Work required: Reproduce exactly the lines from the one containing "Rosie, a female" through the last line of the records below, both included. Leave out any pictures.

Data provided:
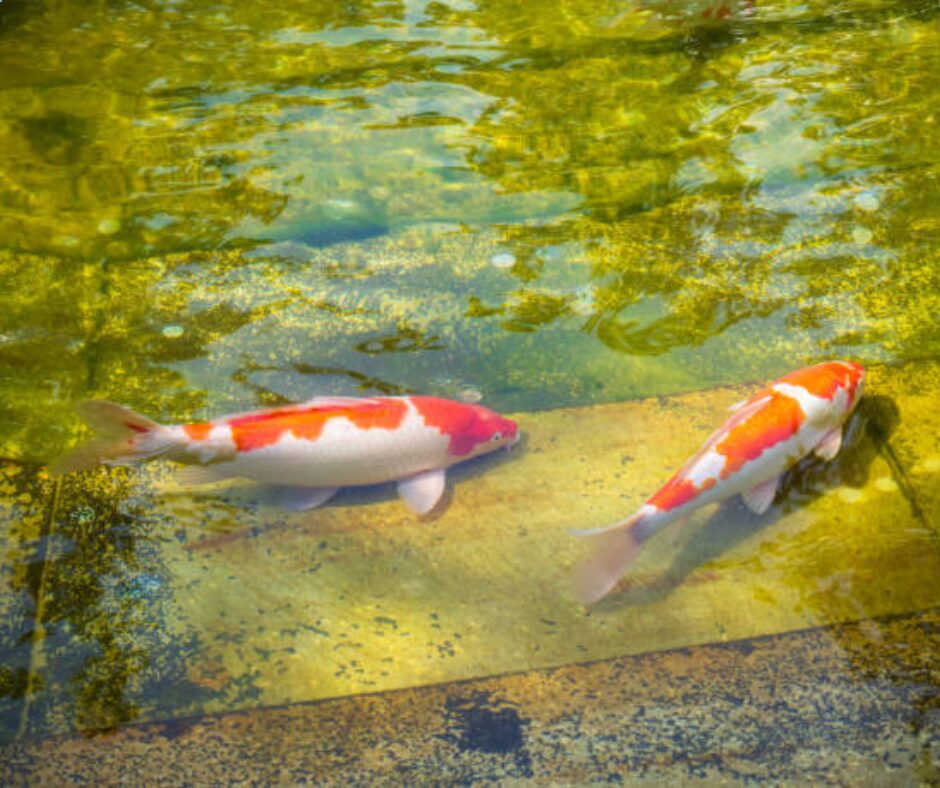 Lire la suite à propos de l’article Comment transformer un bassin en piscine ?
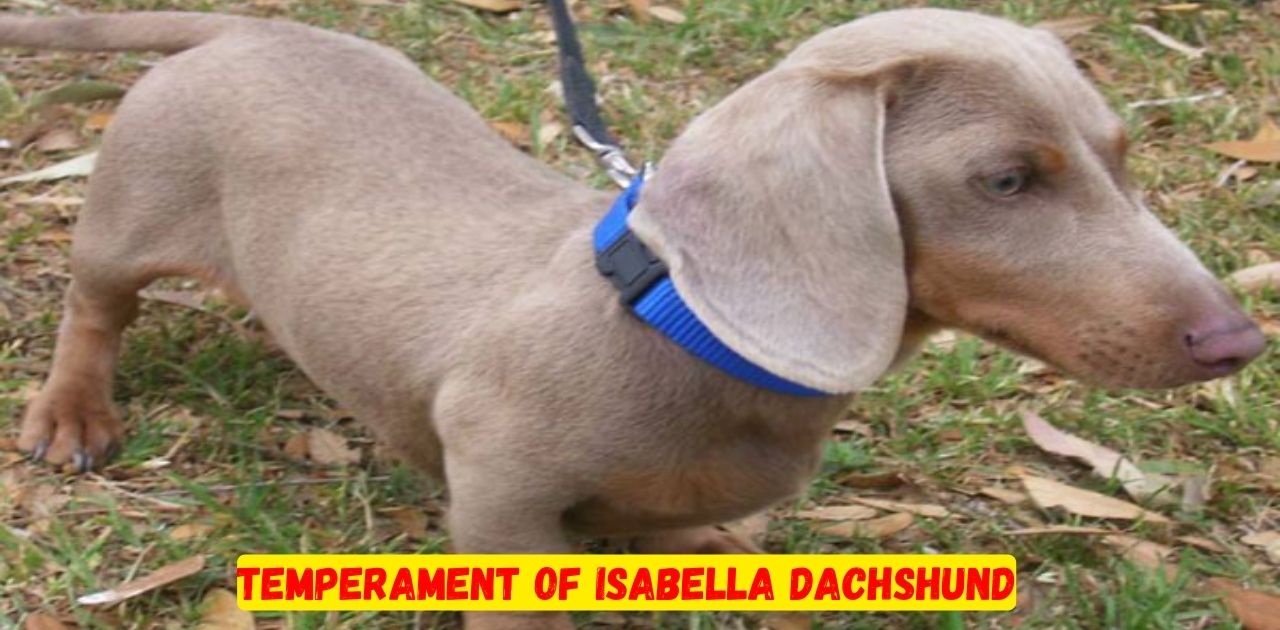 Temperament of Isabella Dachshund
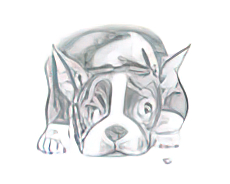 The Terrier Art on the Verge Animals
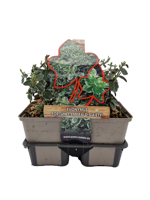 Kardinaalsmuts (euonymus fortunei "Emerald Gaiety") bodembedekker - 6-pack - 1 stuks - thumbnail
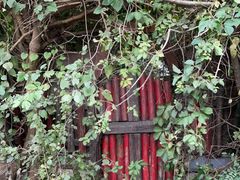 -斯多格书乡(北京大学畅春园店)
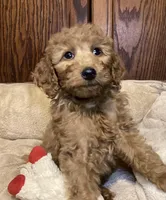 Rosie, a female Goldendoodle for sale in Shawnee, OK – Photo 8 of 8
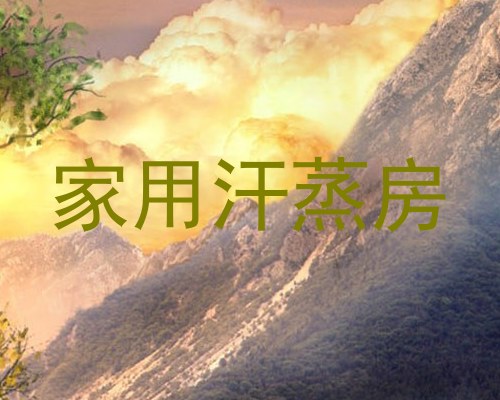 家用汗蒸房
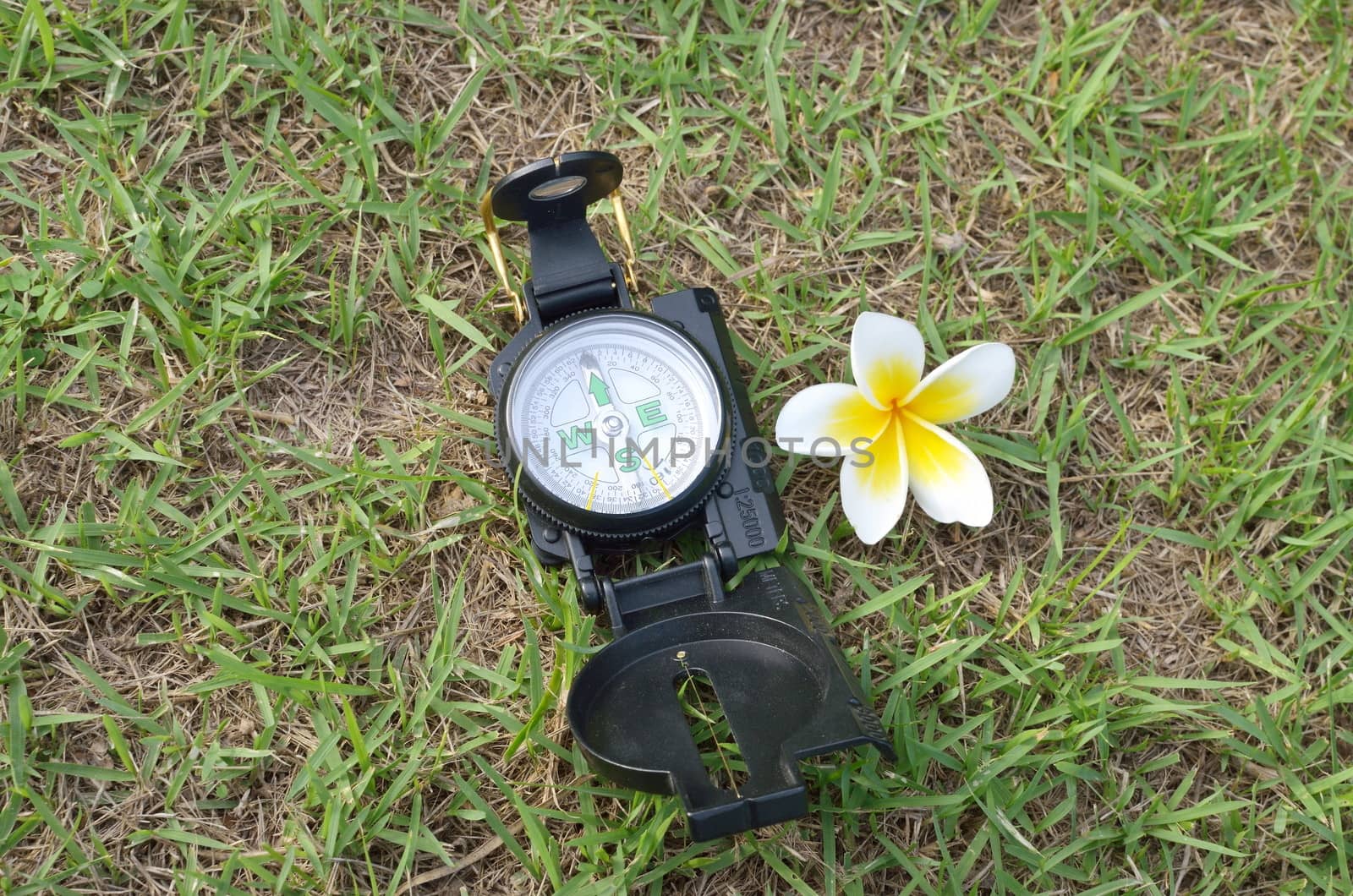 compass with flower on grass
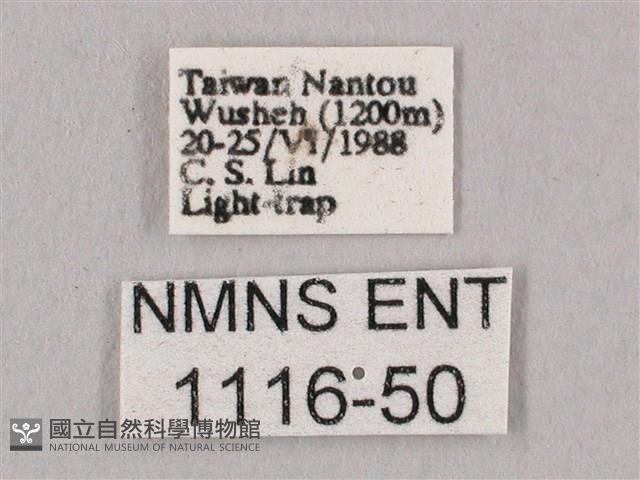 桃紅六點天蛾藏品圖，第3張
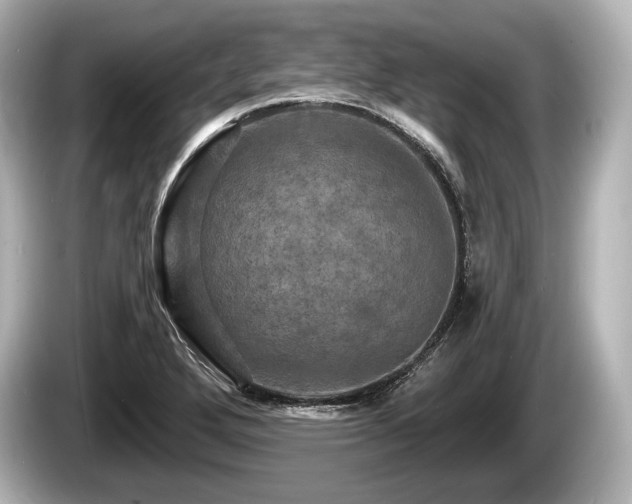 X0000085301272200703161427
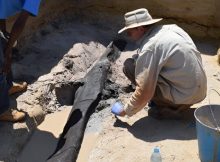 World's Oldest wooden Structure Discovered And It Predates Homo Sapiens - Archaeologists Say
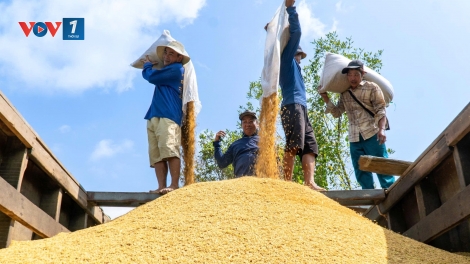 Nông sản Việt hướng tới giá trị, thị trường và bền vững.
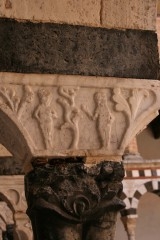 IMG_3872.jpg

Written reply:
 Rosie, a female Goldendoodle for sale in Shawnee, OK – Photo 8 of 8
 家用汗蒸房
 compass with flower on grass
 桃紅六點天蛾藏品圖，第3張
 X0000085301272200703161427
 World's Oldest wooden Structure Discovered And It Predates Homo Sapiens - Archaeologists Say
 Nông sản Việt hướng tới giá trị, thị trường và bền vững.
 IMG_3872.jpg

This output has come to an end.